食のリスク分析について

食の安全をめぐる情報

リスクアナリシスについて -リスク評価とリスク管理の関係-

食の安全に係わるリスクアナリシスの仕組みが、我が国において未だ十分に理解されていないと思われることから、その重要な部分や考え方に関してここに情報を発信します。

1995年頃よりFAOやWHO等の国際機関において食品安全問題へのリスクアナリシス(リスク分析)の適用について検討が進められ、各国において自国の食品の安全性確保に向けてその導入が図られてきました。この間、我が国においても、とくに牛海綿状脳症(BSE)の対策に端を発して、食品の安全性確保におけるリスク分析の重要性が指摘されてきたところです。

リスク分析は、1)科学的知見に基づいて食品由来の健康危害リスクを究明するプロセスであるリスク評価(従来の「安全性評価」を含む)、2)リスク評価の結果に照らし、規制方策を含め、適正な制御方法を選択し実行するプロセスであるリスク管理、3)リスクとその管理に関する情報と意見を、リスク評価者、リスク管理者、消費者、その他すべての関係者の間で交換する相互作用的なプロセスであるリスクコミュニケーションから成り立っています。

リスク評価の結果は、リスク管理者が必要とする科学的根拠として用いることのできるものであらねばならず、そのためにリスク評価者は、リスク管理者のニーズを的確につかむ必要があります。この意味で、評価者と管理者との間には相互理解を図るための十分な情報交換が不可欠です。しかし、この科学的判断のプロセスは、いかなる形であれ、リスク管理上の政策的圧力や宗教上の圧力によって歪められ偏ることがあっては、その本来の機能が失われることになります。ここに、リスク評価とリスク管理との機能的分離が必要とされる所以があるわけです。
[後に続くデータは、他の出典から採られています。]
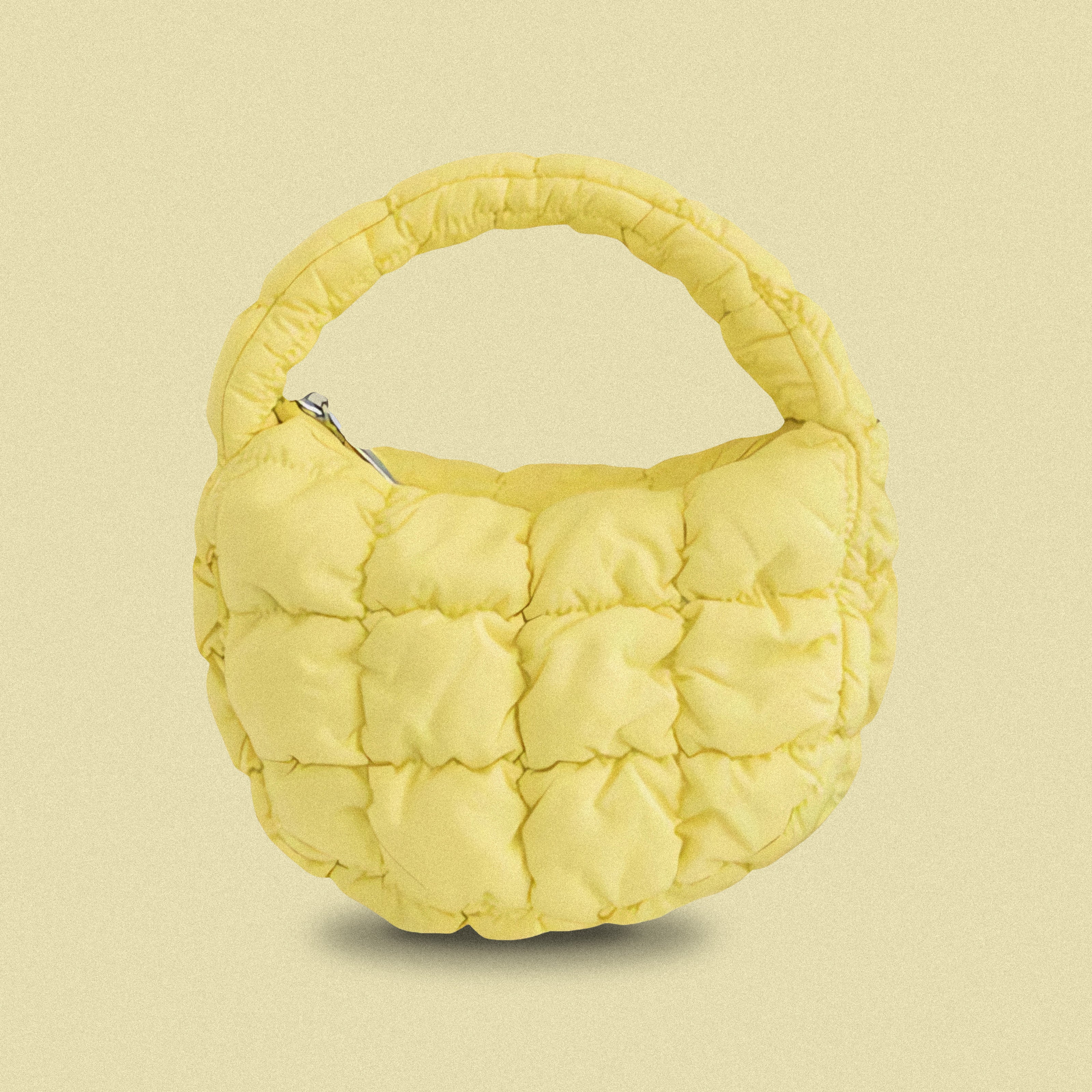 PLSH yellow women’s designer puffer handbag on a yellow background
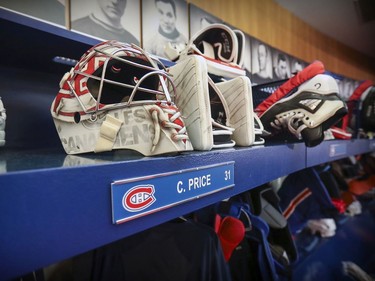Carey Price's mask and gloves sit above his stall in the dressing room at the Bell Sports Complex in Brossard on Tuesday April 9, 2019.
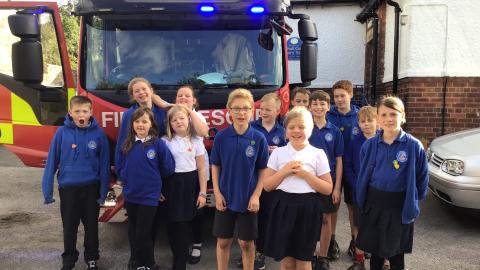 Willow pose in front of the fire engine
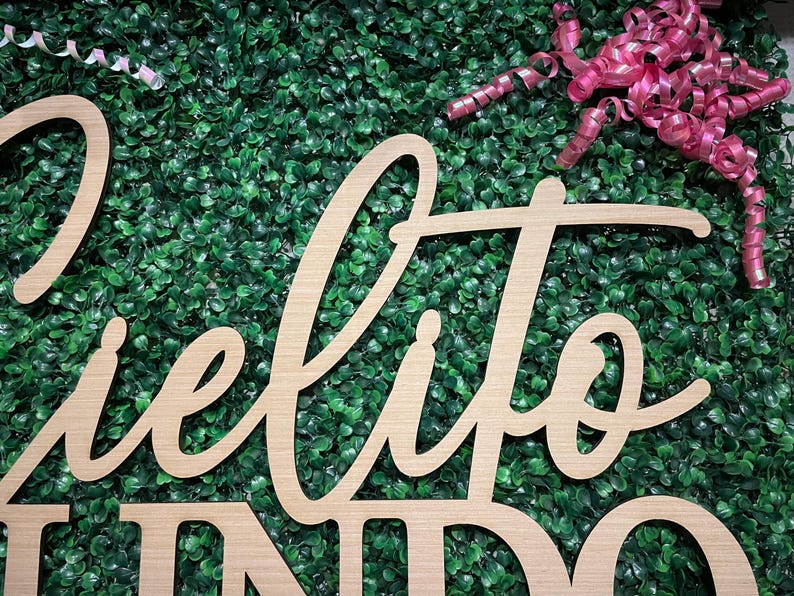 May include: Wooden sign with the words "Cielito Lindo" in a cursive font. The sign is made of light-colored wood and is set against a backdrop of green foliage. A pink ribbon is in the upper right corner.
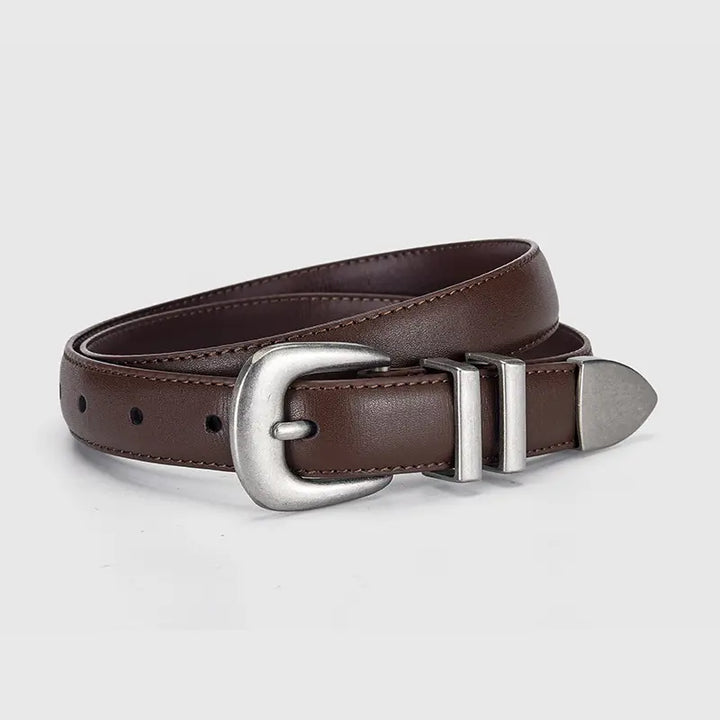 Brown genuine top-layer cowhide leather belt with an antiqued silver Western-style buckle and dual slot keeper, shown at a three-quarter angle.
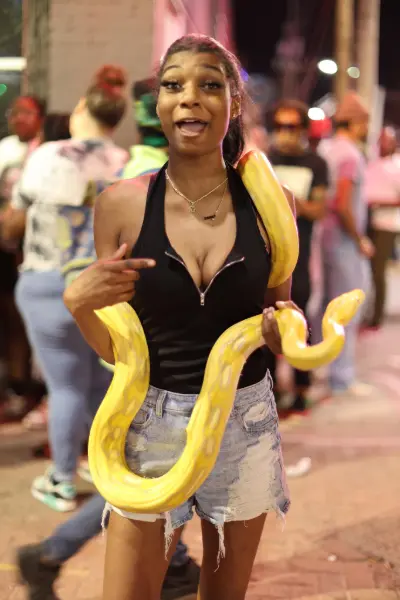Woman holding a large yellow albino python in Tulsa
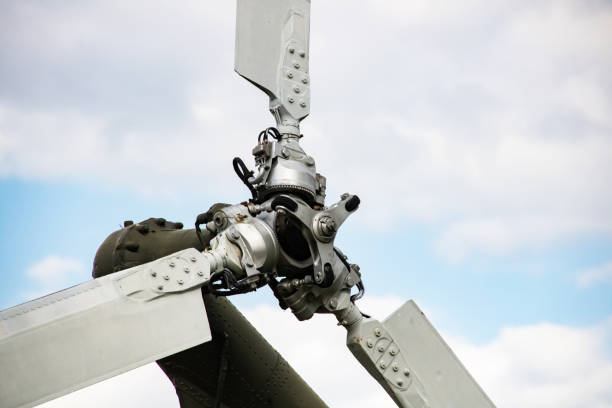 Vintage Charm: The Weathered Rotors of a Yellow Old Helicopter Unveil Aviation History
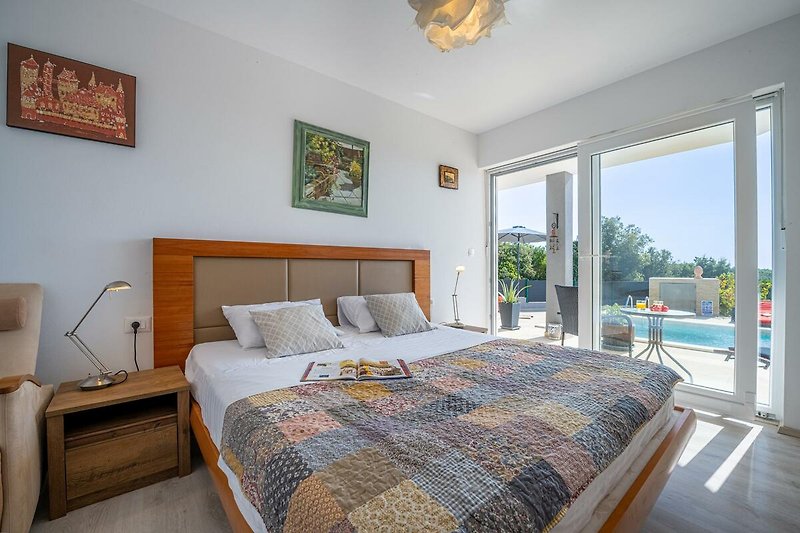Stilvolles Schlafzimmer mit gemütlichem Bett und Holzboden.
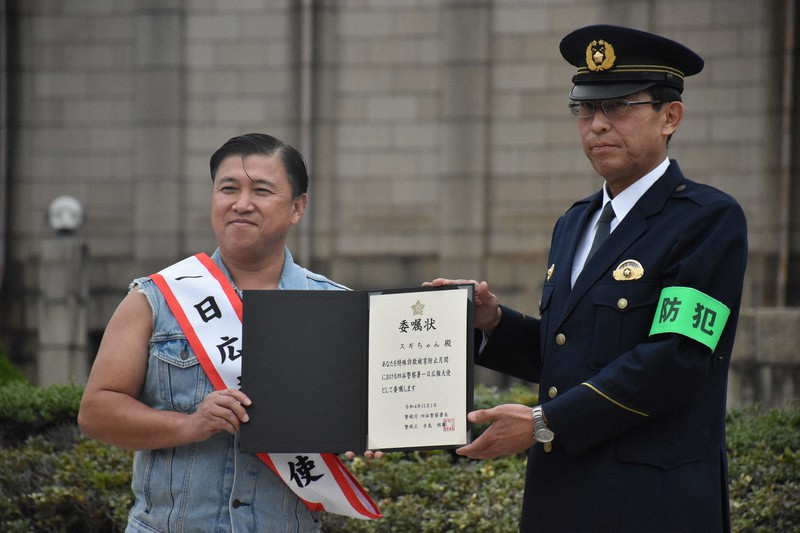 寺島明雄・四谷署長(右)から「一日広報大使」の委嘱状を受け取るスギちゃん=東京都新宿区霞ケ丘町の聖徳記念絵画館前で2022年11月1日午後2時16分、遠藤龍撮影
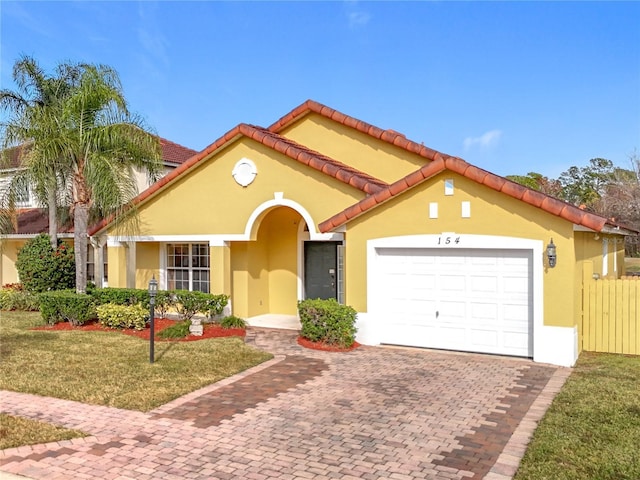 mediterranean / spanish-style home featuring a front yard and a garage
リスク管理者は、リスク評価結果に基づいて規制あるいは制御の方策を選択し、講じ、実行する責任を有しています。それら方策は、経済的にも食習慣の上からも、食糧資源確保の点からも、あるいは長期的な展望の下においても、妥当なものでなければなりません。そこには、健康危害リスクの制御などに関する科学的判断および社会的経済的判断が必要であることはいうまでもありません。こうした総合的判断に必要な情報は、リスクコミュニケーションによって得られる部分が多く、これにより関係者が理解し受け入れることのできる方策の構築と実現が可能となります。

一方、科学者により進められるリスク評価は、政策担当者によって歪められてはならないことは勿論のこと、その評価結果の妥当性が科学的な評価にも耐え得るものでなければなりません。そのために、リスク評価に用いられるデータ、仮定、方法、結論等は、公開されることになります。また、リスク管理の方策の構築と実行のプロセスも、関係者に見えるようにしなければ、その理解を得ることが困難となります。したがって、個人や団体の利害を配慮し人権を尊重する必要があるとはいえ、透明性の確保は、基本的にリスク評価のみならずリスク管理のプロセスにも必須なものと理解されています。

我が国においては、こうしたリスク分析の考え方に沿って、食品安全基本法が制定され、リスク評価機関として食品安全委員会が、リスク管理機関として農林水産省や厚生労働省等がそれぞれの役割を果たしているところです。今後も、リスク分析の仕組みに基づく食の安全に対する取り組みを、国民全体が支援し発展させることが必要とされ、食の安全研究センターも科学的側面からこの取り組みを支援していきます。